Посвящение современным поэтам родилось после того, как Байрон от своего соотечественника узнал, что лауреат (то есть придворный поэт. –
«Два года назад, вернувшись из Швейцарии, этот сукин сын заявил, что мы с Шелли создали Общество инцеста и всячески проповедовали свои принципы. Этот негодяй лгал, потому что они не были сестрами… И он солгал еще в одном: между нами не было никакой связи, я всего лишь был едва знаком с мисс К.».
Оттого что посвящение было написано остроумно и весело, оно не становилось менее горьким. Байрон фамильярно отзывался о «Бобе Саути» как об «эпическом отступнике» и клеймил всех представителей «озерной школы» за их верность идеалам тори. Байрон насмехался над «Литературной биографией» Кольриджа, который «объяснял народу метафизику, но лучше бы объяснил свою теорию».
Саути был для Байрона еретиком, защитником королей и тиранов, достойным стать наравне с «интеллектуальным евнухом Каслреем». Звание Саути «лауреат» Байрон зарифмовал с «продажным и презренным Искариотом». Поэт добавил: «Сомневаюсь, что «лауреат» и «Искариот» – хорошая рифма…»
Тем временем Маргарита Коньи, «La Fornarina» или жена булочника, поселилась в качестве домоправительницы во дворце Мосениго, где железной рукой управляла слугами и уменьшила расходы вдвое. Хвастаясь Муру своей свирепой венецианской возлюбленной, с «лицом как у Фаустины и фигурой Юноны, высокой и деятельной, как пифия, со сверкающими глазами и рассыпавшимися по плечам в лунном свете волосами, одной из тех женщин, которые способны на все», Байрон писал: «Уверен, если я вложу ей в руку кинжал, она вонзит его туда, куда я ей скажу, и даже в меня, если я нанесу ей оскорбление. Мне нравятся такие животные, и могу с уверенностью сказать, что всем другим женщинам предпочитаю Медею».
Но через некоторое время Маргарита стала неуправляемой. Байрон писал Меррею: «…если я начинаю сердиться, она всегда рассмешит меня какой-нибудь деревенской шуткой. Цыганка знает об этом и осознает свою способность убеждать, причем все ей удается успешно, как и всем женщинам…» Байрон говорил, что Маргарита была красива «в своем фацциоло, платье, которое носят представительницы низших классов, но, увы, мечтала о шляпке и перьях… Я бросил шляпку в огонь, однако мне надоело сжигать ее наряды, с такой быстротой она их покупала, поэтому она вскоре добилась своего». Однажды когда Байрон направился в Лидо и попал в шторм, то по возвращении обнаружил Маргариту «на ступенях дворца Мосениго на Большом канале. В ее больших черных глазах сверкали слезы, а черные мокрые волосы разметались по плечам… Ее радость при виде меня была смешана с яростью и напомнила мне о тигрице над своими детенышами».

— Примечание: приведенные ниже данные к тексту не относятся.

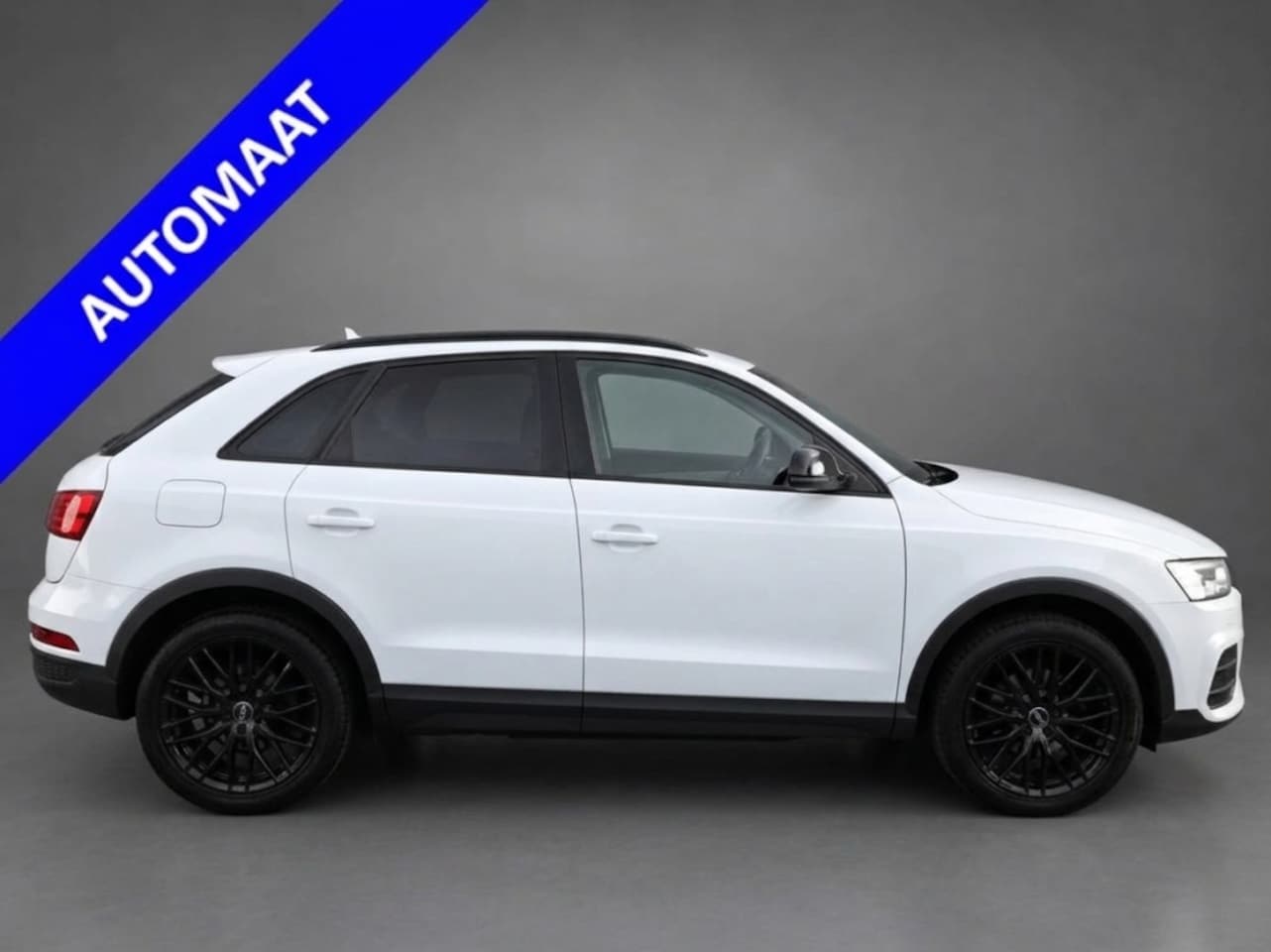 Audi Q3 - 1.4 TFSI 150 PK /S-lINE AUTOMAAT/ Trekhaak/ L.M. Winterbandenset - AutoWereld.nl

Когда наконец Байрон сказал Маргарите, что она должна вернуться домой, она угрожала ему кинжалом и страшной местью и, вернувшись на следующий день, слегка порезала ему руку. Он приказал своим гребцам доставить ее домой, но она бросилась в воду, так что пришлось спасать ее и нести в дом. Наконец она поняла, что Байрон хочет избавиться от нее, и ушла сама.
Байрон надолго сохранил воспоминания о Маргарите и думал о ней больше, чем о других своих венецианских возлюбленных. «Забыл сказать, – писал он Меррею на следующий год, – что она была очень набожна и всегда крестилась, заслышав колокольный звон. Порой это совсем не вязалось с тем, чем она была занята в данный миг… Однажды, когда она побила кого-то из слуг и очень рассердила меня, я назвал ее коровой (в Италии это страшное оскорбление). Итак, я назвал ее «vacca». Она обернулась, сделала реверанс и ответила: «Vacca tua, Celenza (Eccelenza)», то есть «Ваша корова, если так будет угодно вашей светлости». Она была, как я уже упоминал, очень хорошим существом со многими прекрасными и забавными качествами, но свирепая и дикая, словно демон. Она часто хвасталась своим воздействием на меня и приписывала это своим физическим и нравственным качествам, которые отдавали должное ее личности, но никак не скромности».
В октябре Мэри и Шелли вернулись в Венецию и с тяжелым сердцем оставили Аллегру у Хоппнеров, которые удостоили их отборными сплетнями о поведении Байрона и подробностями его скандальных любовных похождений. Шелли написал своему другу Пикоку, что Байрон знается с самыми презренными женщинами, «которых гондольеры подбирают на улицах. Он позволяет отцам и матерям предлагать ему своих дочерей… Говорит, что не одобряет этого, но мирится».